Description⎮Reviewed May 2018

Narrator: Julia Whelan
Length: 12 hours 20 minutes
Publisher: Brilliance Audio⎮2017

Synopsis: A stunning new novel from the number-one New York Times best-selling author – an epic of hope and horror, chaos and magic, and a journey that will unite a desperate group of people to fight the battle of their lives…

It began on New Year’s Eve.

The sickness came on suddenly, and spread quickly. The fear spread even faster. Within weeks, everything people counted on began to fail them. The electrical grid sputtered; law and government collapsed – and more than half of the world’s population was decimated.

Where there had been order, there was now chaos. And as the power of science and technology receded, magic rose up in its place. Some of it is good, like the witchcraft worked by Lana Bingham, practicing in the loft apartment she shares with her lover, Max.

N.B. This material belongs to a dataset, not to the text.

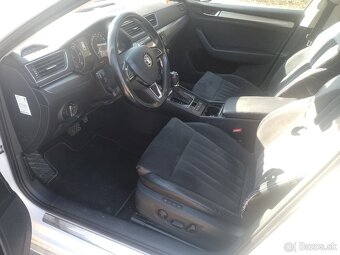 Predám 4x4 Škoda Superb 3 combi ročník 2016 DSG - 4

Some of it is unimaginably evil, and it can lurk anywhere, around a corner, in fetid tunnels beneath the river – or in the ones you know and love the most.

As word spreads that neither the immune nor the gifted are safe from the authorities who patrol the ravaged streets, and with nothing left to count on but each other, Lana and Max make their way out of a wrecked New York City. At the same time, other travelers are heading west too, into a new frontier. Chuck, a tech genius trying to hack his way through a world gone offline. Arlys, a journalist who has lost her audience but uses pen and paper to record the truth. Fred, her young colleague, possessed of burgeoning abilities and an optimism that seems out of place in this bleak landscape. And Rachel and Jonah, a resourceful doctor and a paramedic who fend off despair with their determination to keep a young mother and three infants in their care alive.

In a world of survivors where every stranger encountered could be either a savage or a savior, none of them knows exactly where they are heading, or why. But a purpose awaits them that will shape their lives and the lives of all those who remain.

The end has come. The beginning comes next.


3.75★ AudiobookYear One was a strange one, for me. Nora Roberts is one of the biggest names in fiction and I was excited to finally experience her writing. But her library of work is so large that I didn’t know where to begin. Year One is her most recent release and after reading the synopsis, I thought it sounded perfect for me.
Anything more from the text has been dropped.